[Dataset entries — start]

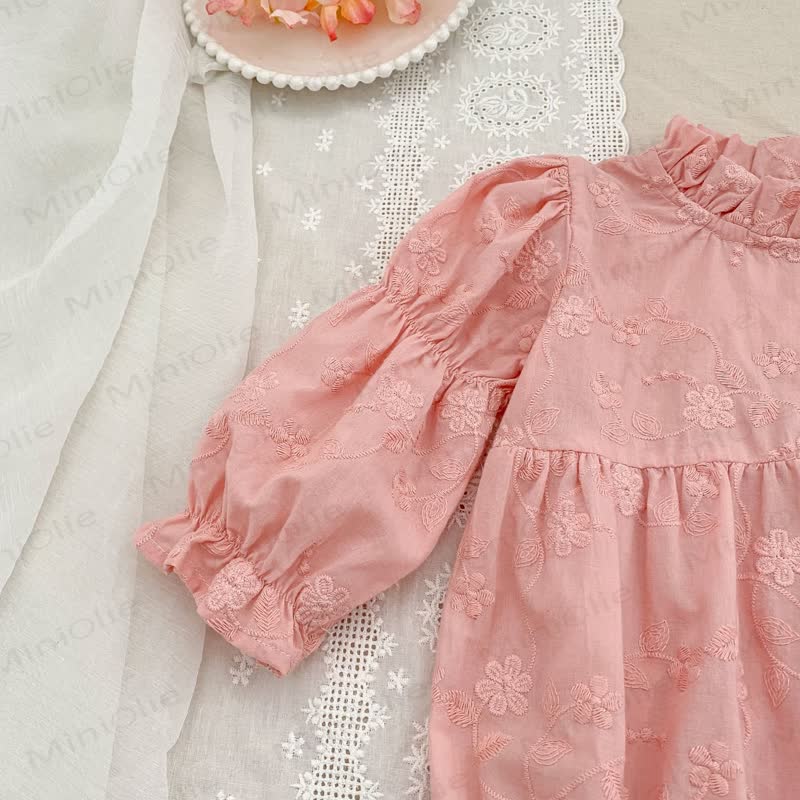 Baby Embroidered Solid Color Bodysuit - image 5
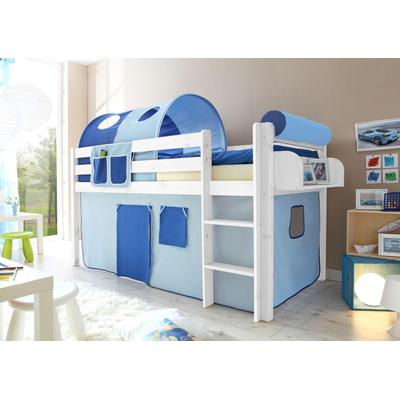 Hochbett TICAA "Malte", blau (kiefer massiv weiß, hellblau, dunkelblau), B:101cm H:114cm L:205cm, Hochbetten, mit Rollrost und in verschiedenen Ausführungen wahlweise mit Matratze Image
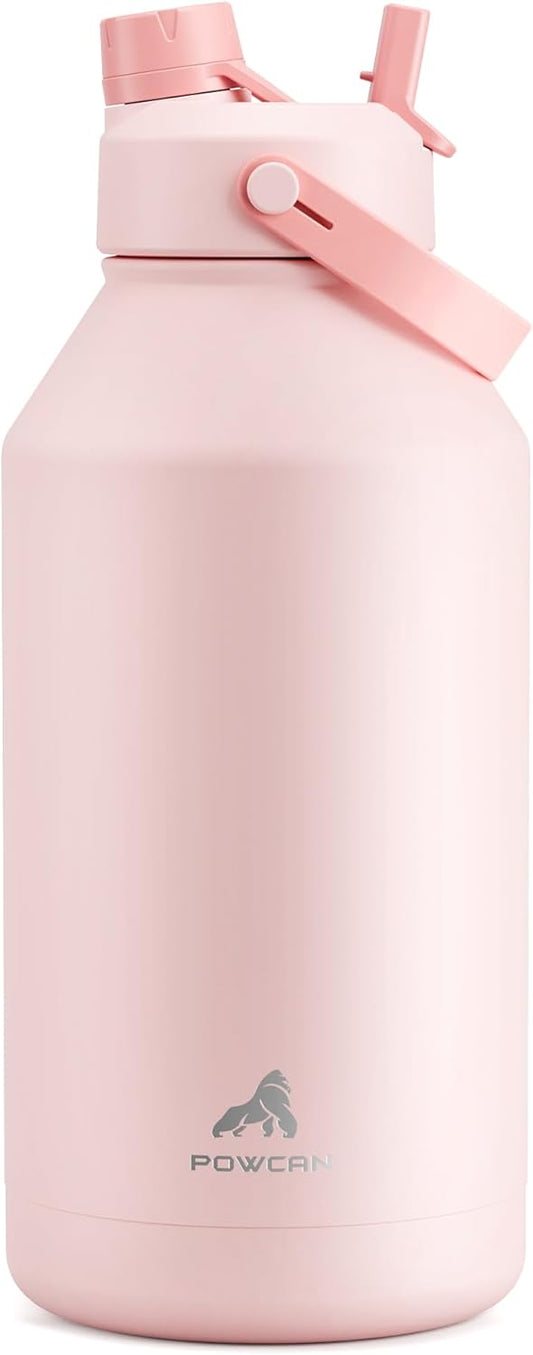 POWCAN 64 oz Insulated Water Bottle - 2-in-1 Straw & Spout Lid, Keeps Drinks Cold 24H | BPA-Free, Leak-Proof, Cotton Candy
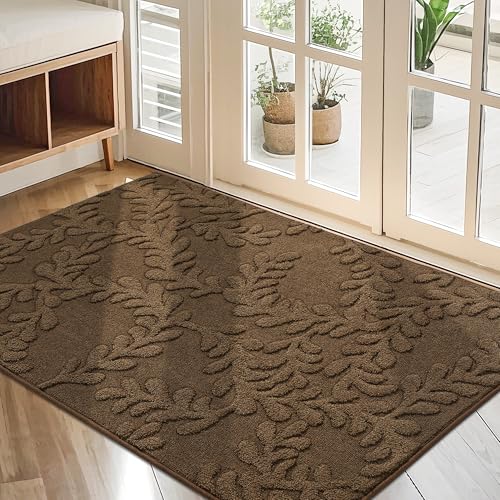 BEQHAUSE Door Mats 32" x 48", Dirt Trapper Doormats, Brown
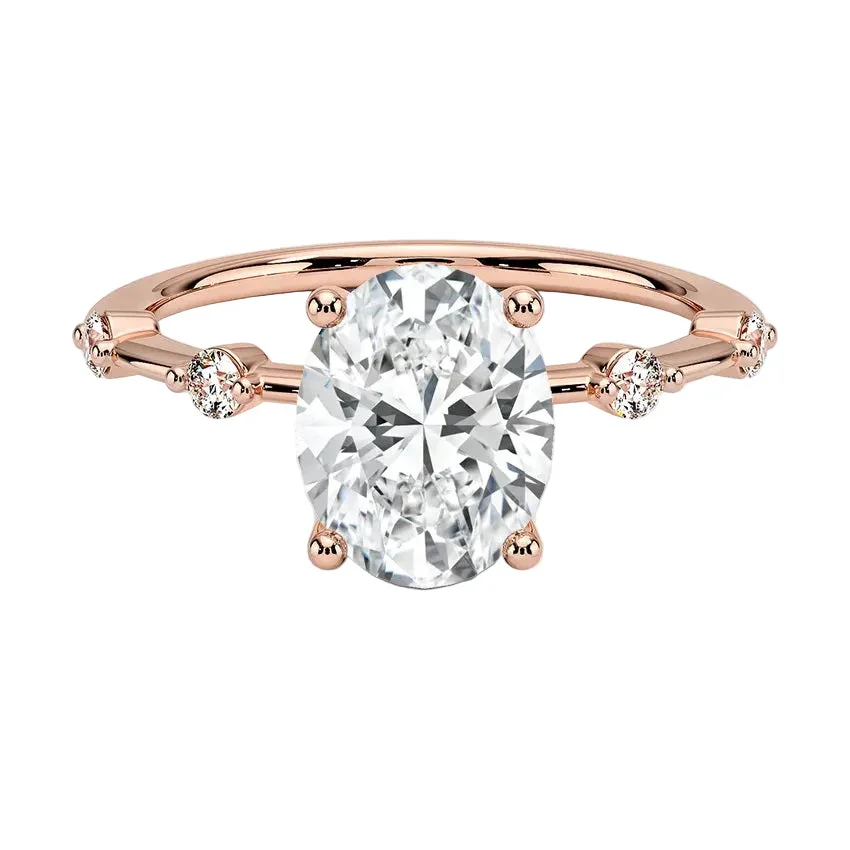 Oval-Cut Moissanite Engagement Ring With Tube Set Round Small Stones on The Shank | ApolloGem Cape Town - Image 4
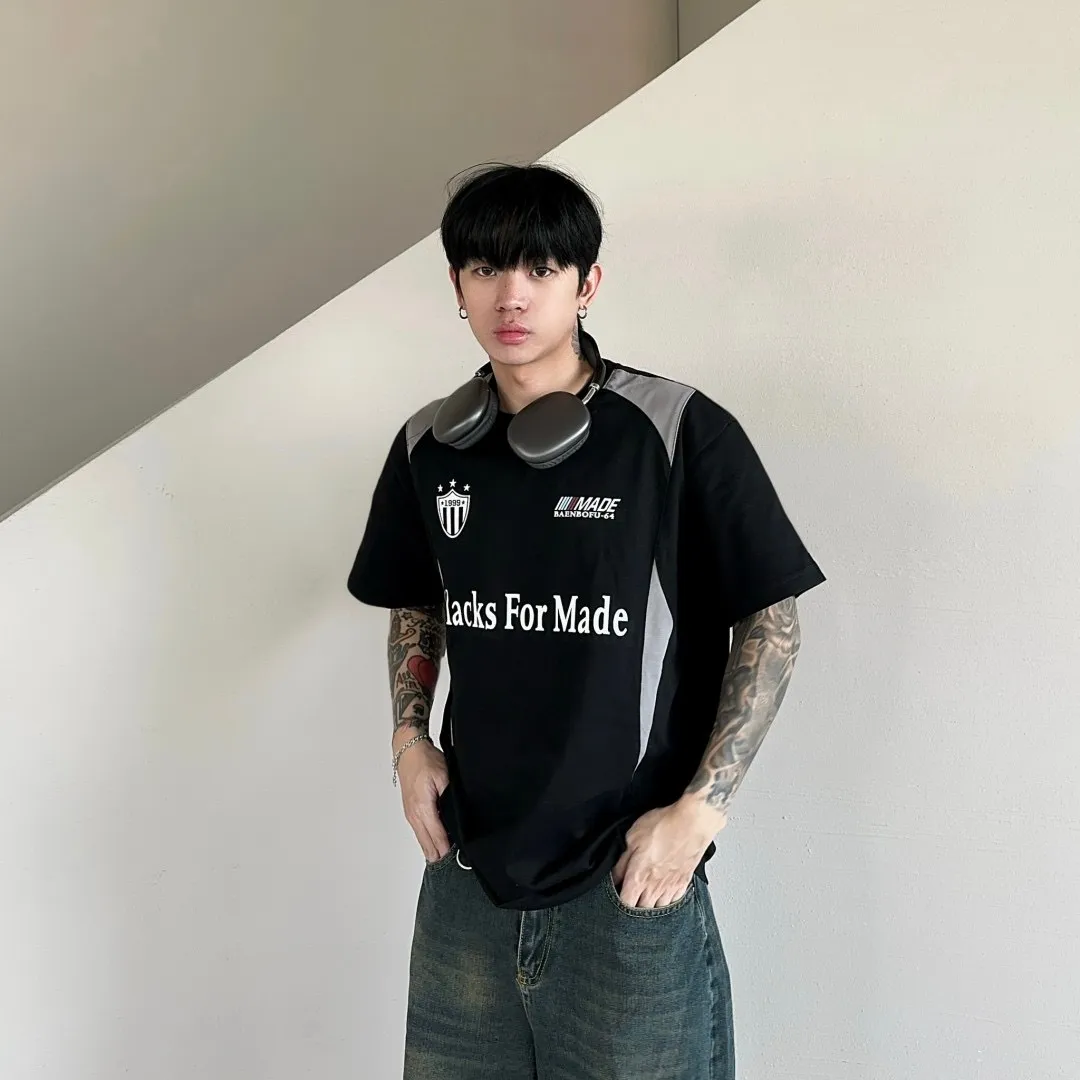 英文 設計 拼接 撞色 短袖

[Dataset entries — finish]

The answer must consist of the entries above, reproduced word for word, without any pictures.

 Baby Embroidered Solid Color Bodysuit - image 5
 Hochbett TICAA "Malte", blau (kiefer massiv weiß, hellblau, dunkelblau), B:101cm H:114cm L:205cm, Hochbetten, mit Rollrost und in verschiedenen Ausführungen wahlweise mit Matratze Image
 POWCAN 64 oz Insulated Water Bottle - 2-in-1 Straw & Spout Lid, Keeps Drinks Cold 24H | BPA-Free, Leak-Proof, Cotton Candy
 BEQHAUSE Door Mats 32" x 48", Dirt Trapper Doormats, Brown
 Oval-Cut Moissanite Engagement Ring With Tube Set Round Small Stones on The Shank | ApolloGem Cape Town - Image 4
 英文 設計 拼接 撞色 短袖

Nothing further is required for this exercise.